The new redesign, led by architecture firm Johnston Marklee, not only expanded the museum from 7,500 to 22,000 square feet but also divided it into two buildings separated by a courtyard framed by an elevated structure. This structure showcases Millard Sheets’s 1969 mosaic “Pleasures Along the Beach,” which previously adorned a Home Savings and Loan branch in Santa Monica before it was removed and painstakingly restored by Brian Worley, who was on the team that fabricated the work over 50 years ago.
The Hilbert re-opened last month with nine exhibitions anchored by its permanent collection, a chronological presentation spanning the 1880s to the present. Examples of California Scene Painting by Fletcher Martin, Emil Kosa Jr., Millard Sheets, and other notable practitioners are updated with contemporary depictions of California life by Frank Romero, Sandow Birk, and Danny Galieote, whose masterful “Beach Bevy” (c. 2020) pays homage to Michelangelo’s unfinished “The Battle of Cascina.”
The group show A Matter of Style: Modernism in California Art showcases a heterogeneous selection of mid-century artists working in a range of styles. Featuring visionary artist Agnes Pelton, hard-edge abstractionists Helen Lundberg and Karl Benjamin, and striking wood engravings by Paul Landacre, the exhibition portrays a multiplicity of California modernisms rather than a single strand. Among the highlights is a whimsical scene, “Untitled (Fantasy)” (1950s), by Kosa Jr., a well-known California Scene Painter and Hollywood studio artist who created the 20th-century Fox “searchlight” logo and a matte painting of the dilapidated Statue of Liberty for Planet of the Apes (1968). Platt surmises this might have been a concept sketch for the 1959 sci-fi film Journey to the Center of the Earth.
“Artists were at the film studios Monday through Friday, but on the weekend, they would paint to their hearts’ content,” Platt said.
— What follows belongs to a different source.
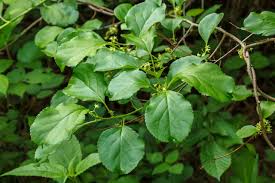 Attēlu rezultāti vaicājumam “Celastrus flagellaris”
This artistic breadth is also explored in solo shows focused on Norman Rockwell, Millard Sheets, and Mary Blair, the Disney artist and animator who worked on Alice in Wonderland (1951), Cinderella (1950), Peter Pan (1953), and the visionary Disneyland ride “It’s a Small World,” which debuted at the 1964 World’s Fair in Queens.
Platt says representing the OC is an important part of the museum’s mission, so two galleries will have a “hyperlocal” focus dedicated to an artist from the area, beginning with the late Emigdio Vasquez, whose oil paintings depict pachuco culture, rendering zoot suits, lowrider cars, pool halls, and night clubs in painstaking detail. His painting of a bowl of menudo portrays the traditional Sunday meal in many Mexican and Mexican-American households with the reverence of an Old Master still life. Notably, a gorgeously restored mural by Vasquez, “El Proletariado de Aztlán” (1979), is located just blocks from the museum.
As the museum is built around the Hilbert’s collection, it also features exhibitions on their other interests, such as Navajo weavings and mid-century radios, tangential subjects that offer complementary windows onto material culture.
Although the OC may not be associated with high culture in the popular imagination, the area boasts several arts institutions, including the Orange County Museum of Art, the Bowers Museum, and the Grand Central Art Center in Santa Ana. Rather than rivalry, Platt sees only opportunities for collaboration between the reopened Hilbert and neighboring art spaces: “We’re all working together to make the OC an art destination.”